O roteiro ainda foi feito a partir do livro de uma mulher e "Benedetta" teve mulheres nos cargos de diretora de fotografia, diretora de arte e diretora-assistente, o que Verhoeven diz ter sido suficiente para impedir um olhar masculino e fetichista nas cenas de amor entre as protagonistas.
Narrativa profunda
No filme, os desejos sexuais de Benedetta e Bartolomea são suprimidos antes mesmo de se conhecerem. A impossibilidade de viverem sua homossexualidade em tempos de fé cristã exacerbada as leva a uma catarse sexual quando enfim estão reunidas.
Mas há uma reviravolta nessa história de condenação do "pecado" porque Benedetta alega ter visões espirituais e sensuais, nas quais recebia mensagens do próprio Jesus Cristo, se tornando assim uma espécie de messias. Em uma cena, sofrendo de dores, ela é marcada com feridas nos pulsos, nos pés e no peito, como as da crucificação.
A freira chega a incorporar o próprio Cristo, assumindo uma voz grave. "Eu tentei me afastar de 'O Exorcista', porque todas as 'outras identidades' de Benedetta são positivas, não demoníacas. E essas possessões também estão documentadas, na vida real teriam ido além, incluindo São Paulo e anjos", disse o diretor do longa.
Verhoeven diz ainda que era importante mostrar a sexualidade na trama, já que ela reflete aquilo que o livro em que a obra foi inspirado descreve. "Os documentos da época mostram que o escrivão realmente escreveu coisas do tipo 'ela beijou minhas genitais mais de 20 vezes' ou 'Benedetta pegou minha mão à força e a pôs sobre ela, se movendo tanto que acabou se corrompendo'", diz o cineasta, sobre os testemunhos de Bartolomea à Igreja Católica.
"Nós não deveríamos ter medo de mostrar algo que quase todo mundo e muitas outras espécies fazem de forma regular. É muito estranho que, nesse período de puritanismo, é normal mostrar violência, assassinatos horríveis, explosões e só o sexo ser questionado" critica o cineasta.
Críticas
Rotulado como "provocateur" por críticos e pela imprensa, o diretor diz que há assuntos que precisam ser enfrentados, que não quer usar seu cinema para abafar a verdade. E isso vale, no novo longa, tanto para a parte religiosa, quanto para a LGBTQIA+. "Nós sabemos muito bem as coisas terríveis que a Igreja Católica fez em seus 2.000 anos - cruzadas, a Inquisição, tortura, assassinatos de 'bruxas', pedofilia", diz ele sobre o primeiro ponto. Já em relação ao segundo, se mostra bastante à vontade mesmo sendo heterossexual e pertencendo a uma geração mais avessa à diversidade.

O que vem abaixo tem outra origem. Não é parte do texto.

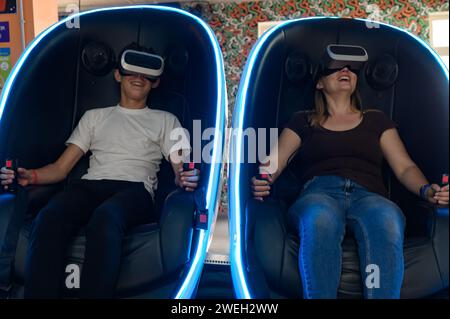 Virtual-Reality-Attraktion: Sohn und Mutter erleben Adrenalin aus Virtual-Reality-5D-Sensation. Stockfoto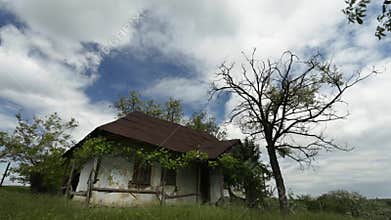 Abandoned house. Timelapse clouds and wind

"A vivência LGBTQIA+ é apenas um reflexo da natureza. Todos os tipos de sexualidade existem no planeta, foi isso o que a evolução construiu. Enquanto artista, é preciso estar ciente disso, e isso precisa refletir no seu trabalho. Não porque queremos promover a diversidade, mas porque essa é a nossa realidade, é algo que nos cerca."
O longa recebeu críticas positivas da crítica especializada. No site do IMDB a nota é de 6,7/10. No Metacrit o filme recebeu nota 69 de 100 e no site Rotten Tomatoes o longa tem 85% de aprovação.